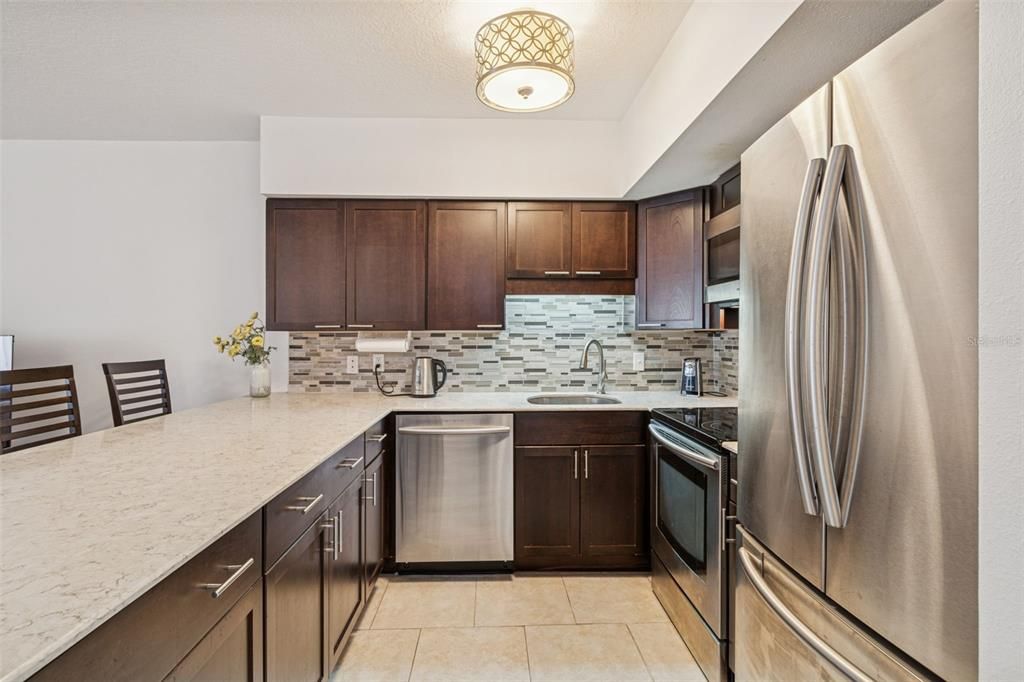 For Sale: $149,000 (1 beds, 1 baths, 780 Square Feet)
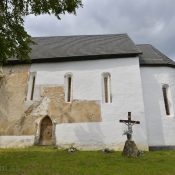 Romanskogoticky kostol Rakos Triglav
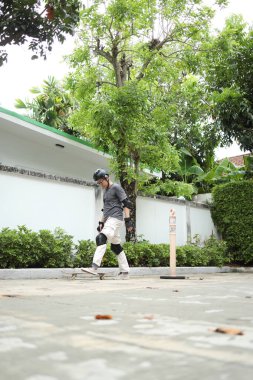 Son sınıf öğrencisi aktif bir hayat sürüyor. Sokaklarda kaykay yapıyor.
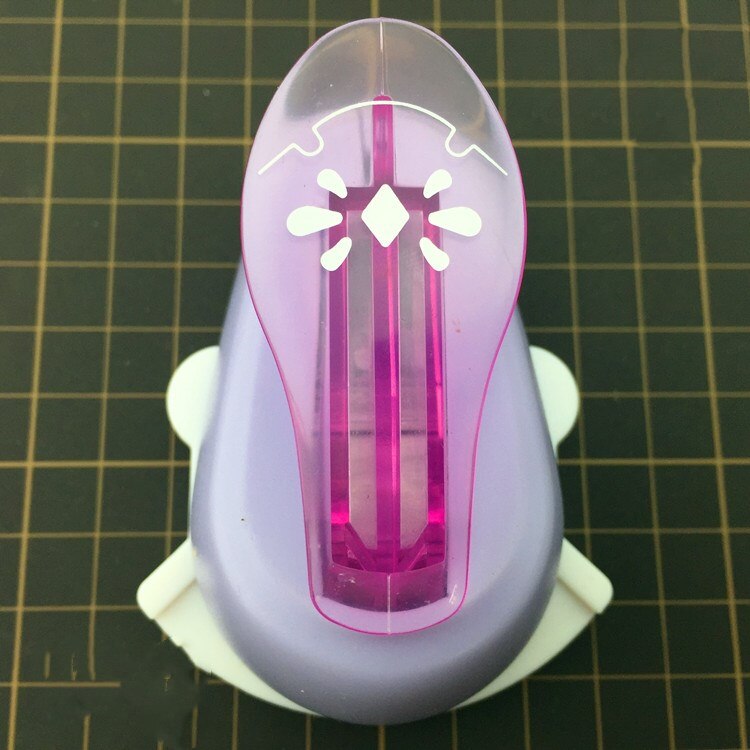DIY Embossing Machine Scrapbook Puncher Memorial Book Card Right Angle/Lace Flower Puncher Craft Making Tools: Diamond type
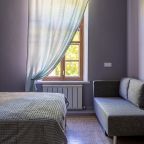 Двуспальная кровать и диван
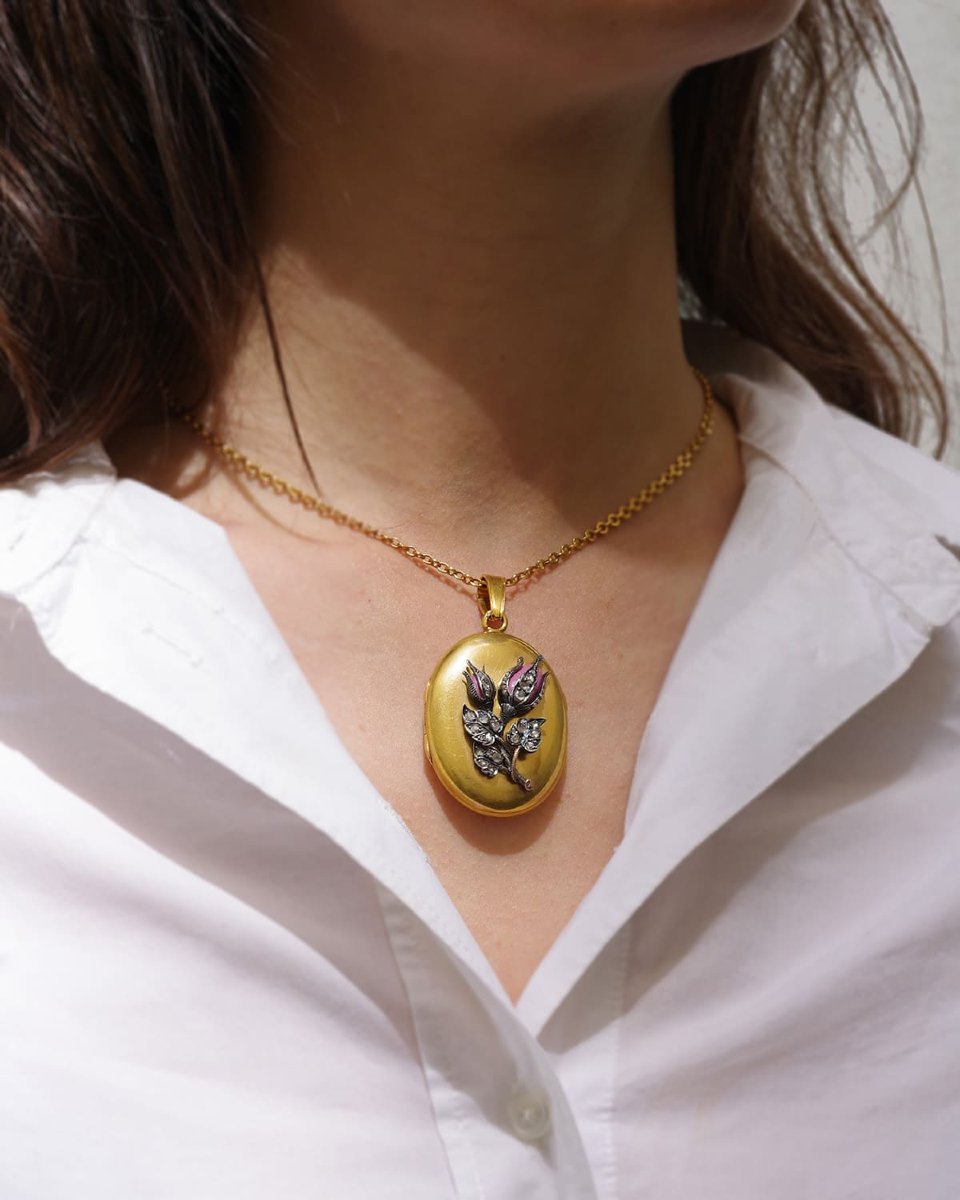 Victorian Rosebud Diamond Locket In 18 Karat Gold, Eugène Soulens -photo-3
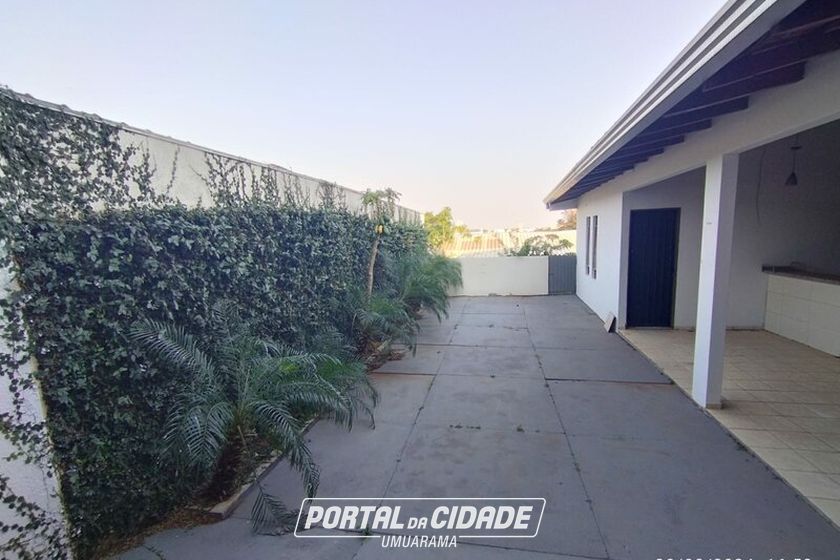 Casa &agrave; venda - 299m&sup2; - Zona IV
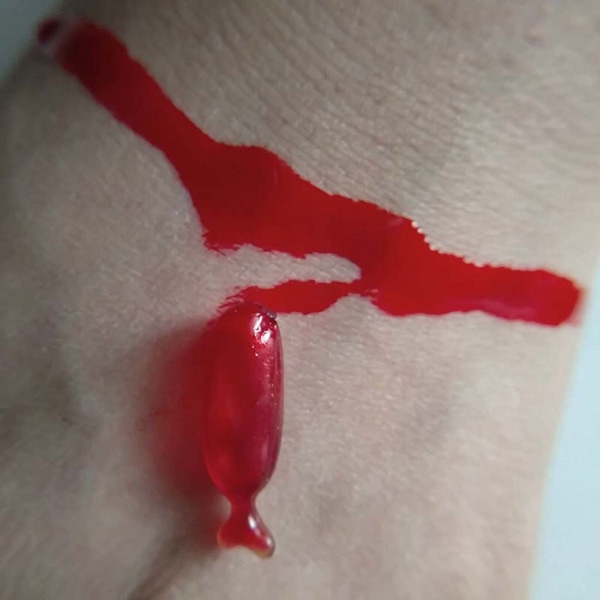 10 st Halloween falska blodkapselpiller för Vampyr Skräck Funny Joke Prank Tri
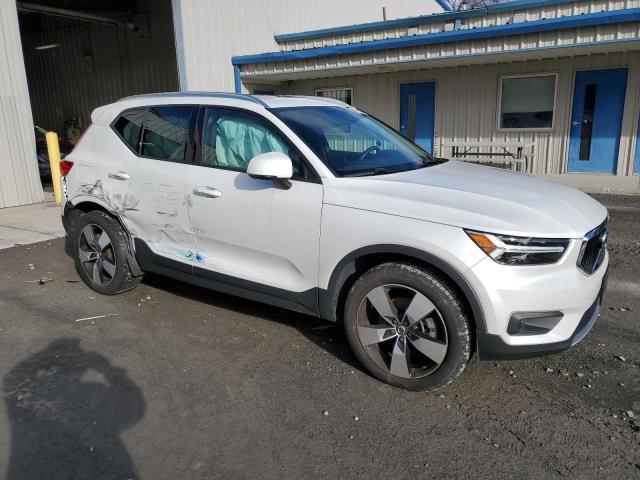 YV4162UK8M2564111 2021 VOLVO XC40-3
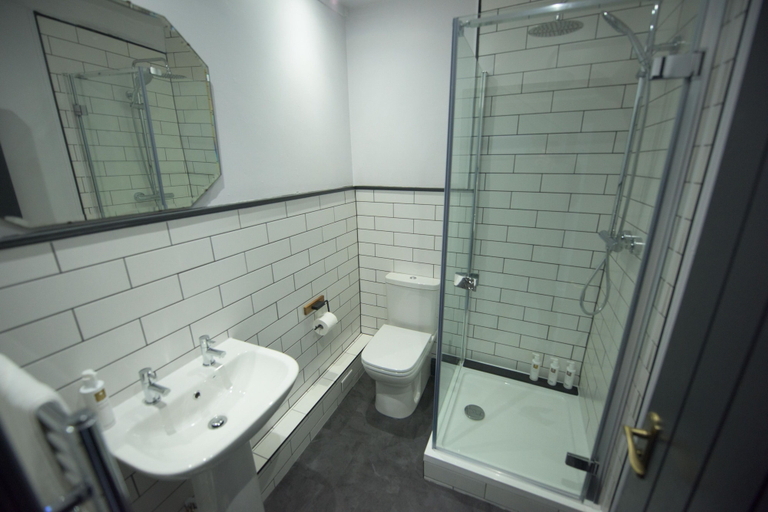 Bathroom 2, The Royal Oak Pub, Cumbria
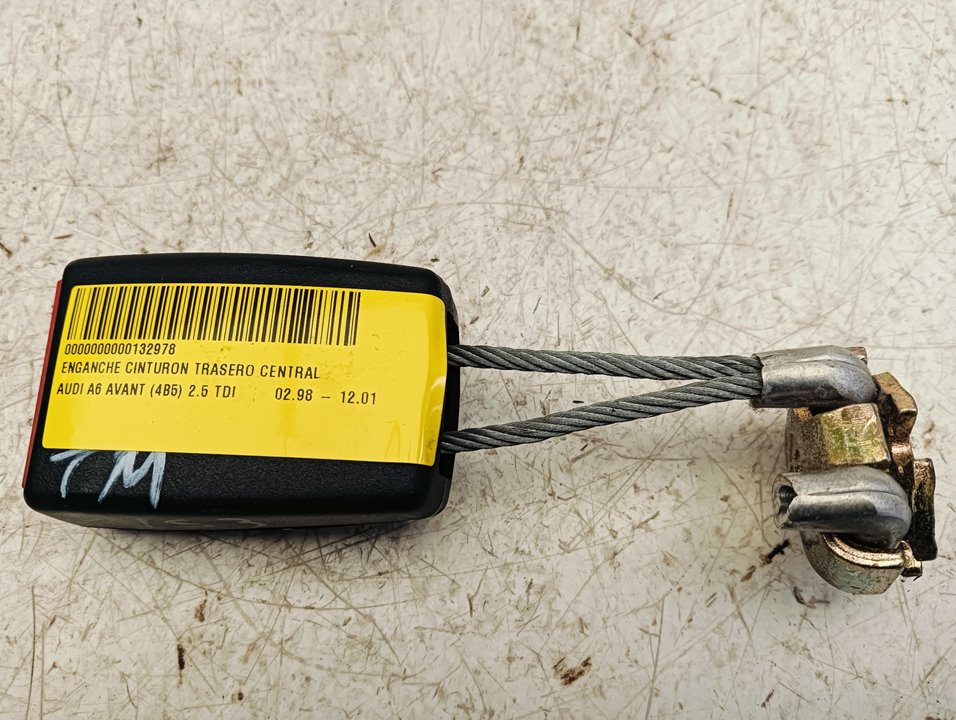 Enganche cinturón Audi A6 (4B5)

* **Aim of the exercise**
Everything above except the pictures must be restated exactly.

* **Answer space**
 For Sale: $149,000 (1 beds, 1 baths, 780 Square Feet)
 Romanskogoticky kostol Rakos Triglav
 Son sınıf öğrencisi aktif bir hayat sürüyor. Sokaklarda kaykay yapıyor.
DIY Embossing Machine Scrapbook Puncher Memorial Book Card Right Angle/Lace Flower Puncher Craft Making Tools: Diamond type
 Двуспальная кровать и диван
 Victorian Rosebud Diamond Locket In 18 Karat Gold, Eugène Soulens -photo-3
 Casa &agrave; venda - 299m&sup2; - Zona IV
 10 st Halloween falska blodkapselpiller för Vampyr Skräck Funny Joke Prank Tri
 YV4162UK8M2564111 2021 VOLVO XC40-3
 Bathroom 2, The Royal Oak Pub, Cumbria
 Enganche cinturón Audi A6 (4B5)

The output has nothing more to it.